**RECORDS FOR THE EXERCISE:**
•••
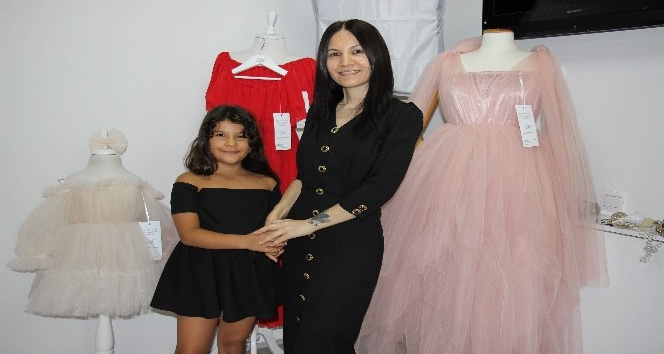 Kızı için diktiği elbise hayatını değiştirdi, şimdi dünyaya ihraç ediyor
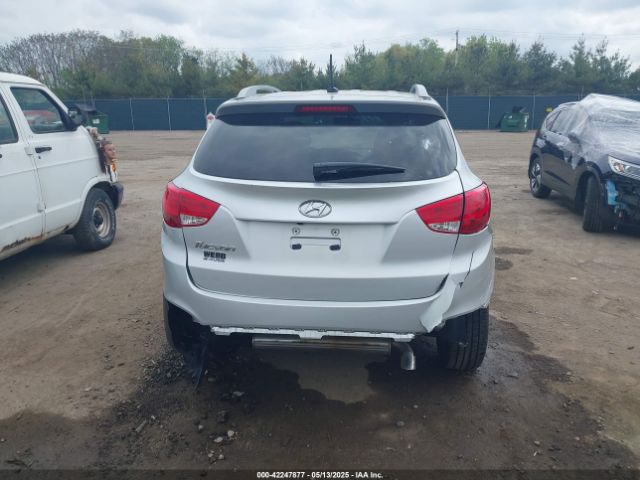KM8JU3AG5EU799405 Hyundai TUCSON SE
•••
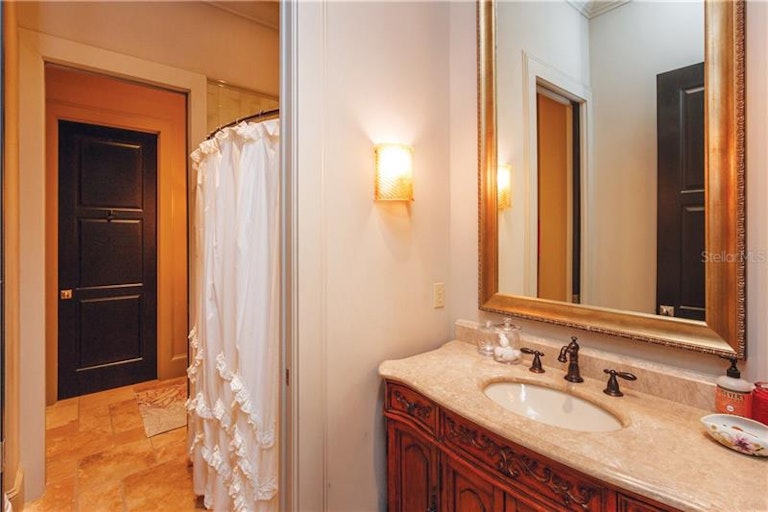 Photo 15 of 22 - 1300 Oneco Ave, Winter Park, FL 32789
•••
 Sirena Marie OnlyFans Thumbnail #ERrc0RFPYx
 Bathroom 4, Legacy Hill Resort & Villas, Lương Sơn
•••
**TO DO:** Would you output only the span of the records above that opens with the line containing "Kızı için diktiği" and closes with the line containing "KM8JU3AG5EU799405 Hyundai TUCSON SE", ends included and pictures dropped?

**ANSWER SPACE:**
 Kızı için diktiği elbise hayatını değiştirdi, şimdi dünyaya ihraç ediyor
KM8JU3AG5EU799405 Hyundai TUCSON SE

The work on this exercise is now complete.